RAD-PHI2: Instruction Tuning PHI-2 for Radiology
Mercy Ranjit, Gopinath Ganapathy, Shaury Srivastav, Tanuja Ganu, Srujana Oruganti
TL;DR
The paper tackles the challenge of applying small language models to radiology by fine-tuning Phi-2 on high-quality Radiopaedia data to produce Rad-Phi2-Base and Rad-Phi2. It introduces a two-stage instruction-tuning pipeline—first general-domain tuning, then radiology-specific tuning—alongside a Radiopaedia-based QA dataset and Mimic-CXR-derived report tasks to enable multi-task radiology capabilities. Across lexical, clinical, and GPT-4 based evaluations, Rad-Phi2-Base and Rad-Phi2 are shown to be competitive with or outperform larger models such as Mistral-7B-Instruct-v0.2 and GPT-4 on radiology knowledge queries and reporting tasks, while offering lower compute requirements.
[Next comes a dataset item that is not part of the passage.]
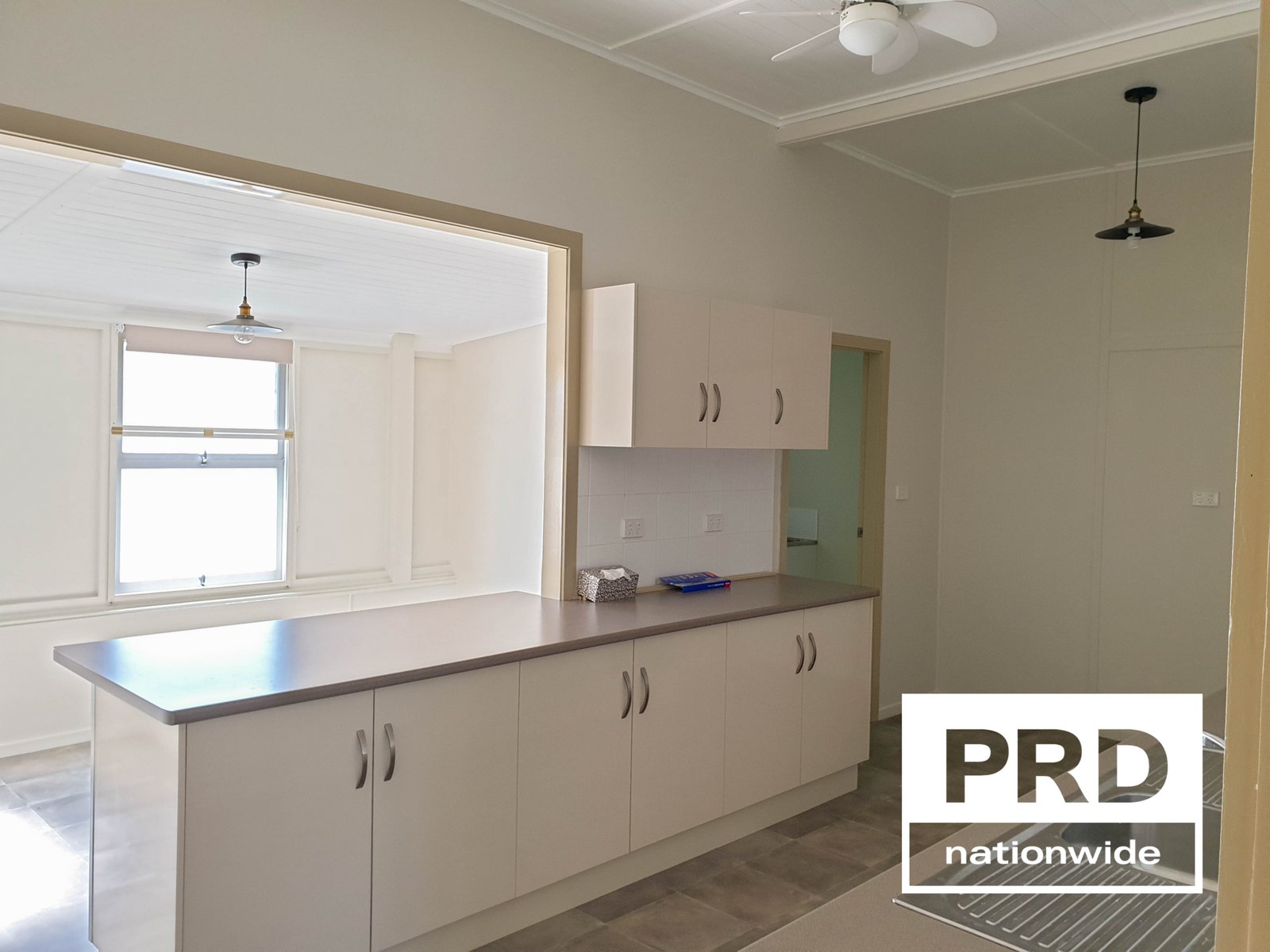 47 Hotham Street CASINO 3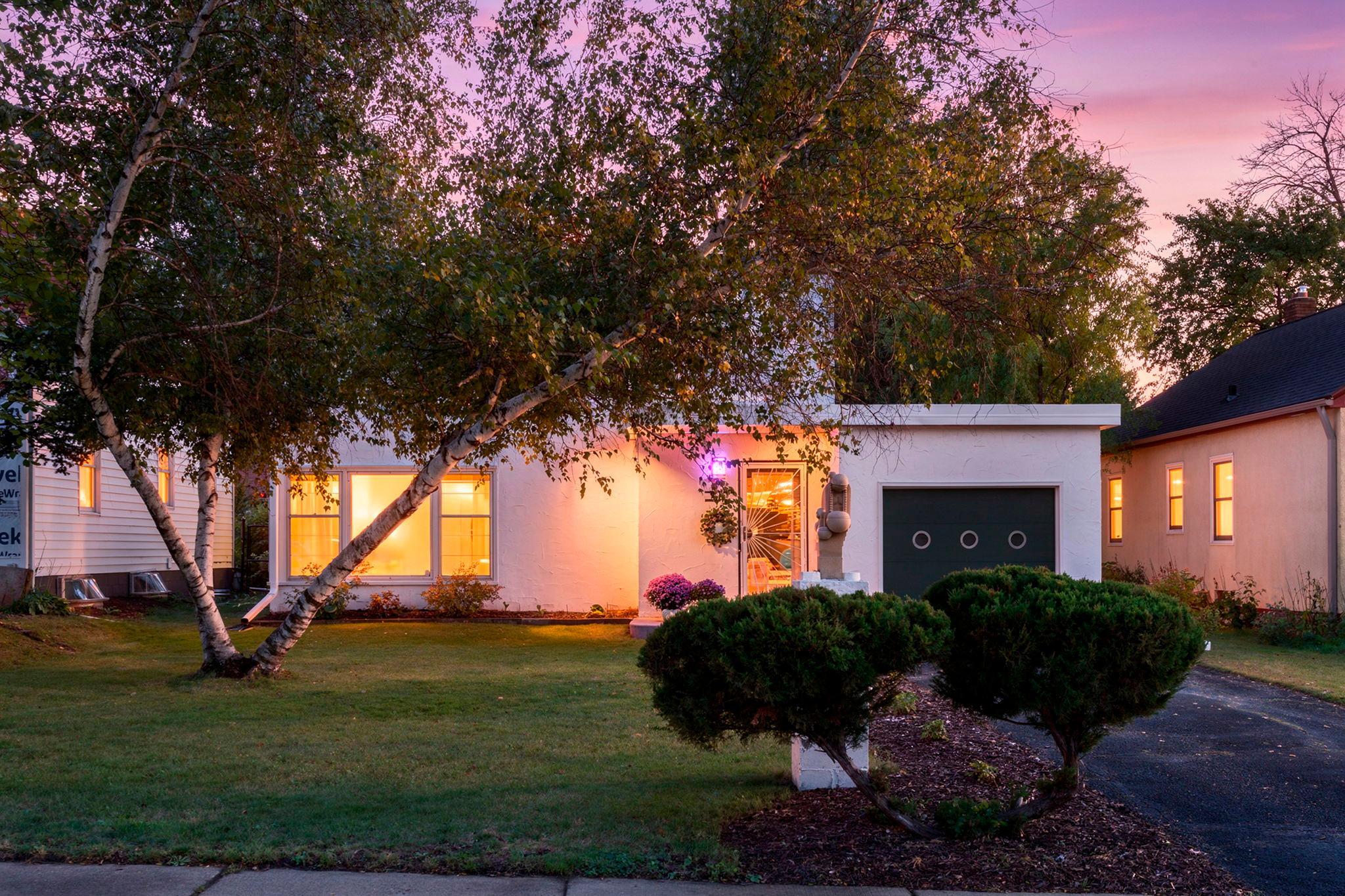 View of Residential at 812 Nebraska Avenue, Saint Paul MN 55106, Saint Paul (48 of 49) - Mike Wilen | Minnesota Team Real Estate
The work demonstrates the feasibility and practical impact of domain-specific small language models in radiology workflows, illustrating that high-quality, curated radiology data can empower accessible AI tools for both knowledge retrieval and structured report generation.
Abstract
Small Language Models (SLMs) have shown remarkable performance in general domain language understanding, reasoning and coding tasks, but their capabilities in the medical domain, particularly concerning radiology text, is less explored. In this study, we investigate the application of SLMs for general radiology knowledge specifically question answering related to understanding of symptoms, radiological appearances of findings, differential diagnosis, assessing prognosis, and suggesting treatments w.r.t diseases pertaining to different organ systems. Additionally, we explore the utility of SLMs in handling text-related tasks with respect to radiology reports within AI-driven radiology workflows. We fine-tune Phi-2, a SLM with 2.7 billion parameters using high-quality educational content from Radiopaedia, a collaborative online radiology resource. The resulting language model, RadPhi-2-Base, exhibits the ability to address general radiology queries across various systems (e.g., chest, cardiac). Furthermore, we investigate Phi-2 for instruction tuning, enabling it to perform specific tasks. By fine-tuning Phi-2 on both general domain tasks and radiology-specific tasks related to chest X-ray reports, we create Rad-Phi2. Our empirical results reveal that Rad-Phi2 Base and Rad-Phi2 perform comparably or even outperform larger models such as Mistral-7B-Instruct-v0.2 and GPT-4 providing concise and precise answers. In summary, our work demonstrates the feasibility and effectiveness of utilizing SLMs in radiology workflows both for knowledge related queries as well as for performing specific tasks related to radiology reports thereby opening up new avenues for enhancing the quality and efficiency of radiology practice.